- _About this exercise_
Below are lines of data. Give the number of them that contain the string "image", and nothing else.

--- Data for this task Enclosed Below ---

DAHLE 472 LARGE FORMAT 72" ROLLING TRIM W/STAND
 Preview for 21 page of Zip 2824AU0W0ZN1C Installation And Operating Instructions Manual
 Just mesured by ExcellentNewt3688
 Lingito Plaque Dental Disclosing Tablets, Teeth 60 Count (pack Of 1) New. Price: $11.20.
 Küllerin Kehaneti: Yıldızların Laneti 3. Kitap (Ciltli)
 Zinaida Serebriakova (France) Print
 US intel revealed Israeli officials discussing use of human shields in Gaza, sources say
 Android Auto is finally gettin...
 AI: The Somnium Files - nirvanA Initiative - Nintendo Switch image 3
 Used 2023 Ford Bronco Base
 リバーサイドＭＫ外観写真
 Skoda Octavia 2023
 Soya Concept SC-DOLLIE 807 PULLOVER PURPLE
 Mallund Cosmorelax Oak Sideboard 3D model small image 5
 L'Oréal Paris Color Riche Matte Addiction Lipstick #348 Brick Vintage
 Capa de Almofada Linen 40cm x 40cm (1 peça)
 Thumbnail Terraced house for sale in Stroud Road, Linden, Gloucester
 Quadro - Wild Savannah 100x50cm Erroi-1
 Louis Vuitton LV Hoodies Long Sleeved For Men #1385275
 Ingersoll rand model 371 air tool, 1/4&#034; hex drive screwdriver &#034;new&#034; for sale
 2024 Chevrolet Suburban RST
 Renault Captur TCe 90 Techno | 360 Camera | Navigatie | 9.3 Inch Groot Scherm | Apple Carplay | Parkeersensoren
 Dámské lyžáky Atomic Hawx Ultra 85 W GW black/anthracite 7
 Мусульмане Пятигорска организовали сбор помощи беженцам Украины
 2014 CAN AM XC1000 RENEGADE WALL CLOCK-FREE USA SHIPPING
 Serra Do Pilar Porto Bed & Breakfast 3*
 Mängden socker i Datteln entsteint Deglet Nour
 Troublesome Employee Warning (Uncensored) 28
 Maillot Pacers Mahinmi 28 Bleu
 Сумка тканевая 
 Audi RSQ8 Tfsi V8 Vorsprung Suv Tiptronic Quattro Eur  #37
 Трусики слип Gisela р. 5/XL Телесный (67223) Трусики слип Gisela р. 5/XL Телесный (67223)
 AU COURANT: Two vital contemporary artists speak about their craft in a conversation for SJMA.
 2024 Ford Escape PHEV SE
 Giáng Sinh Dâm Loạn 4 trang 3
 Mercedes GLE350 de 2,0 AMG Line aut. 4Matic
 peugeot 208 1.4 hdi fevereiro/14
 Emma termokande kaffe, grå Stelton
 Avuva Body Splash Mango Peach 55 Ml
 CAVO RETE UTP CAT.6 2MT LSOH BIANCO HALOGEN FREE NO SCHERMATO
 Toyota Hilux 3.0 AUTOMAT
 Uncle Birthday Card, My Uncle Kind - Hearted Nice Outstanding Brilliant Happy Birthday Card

--- End of Enclosed Data for this task ---

- _Your solution_
2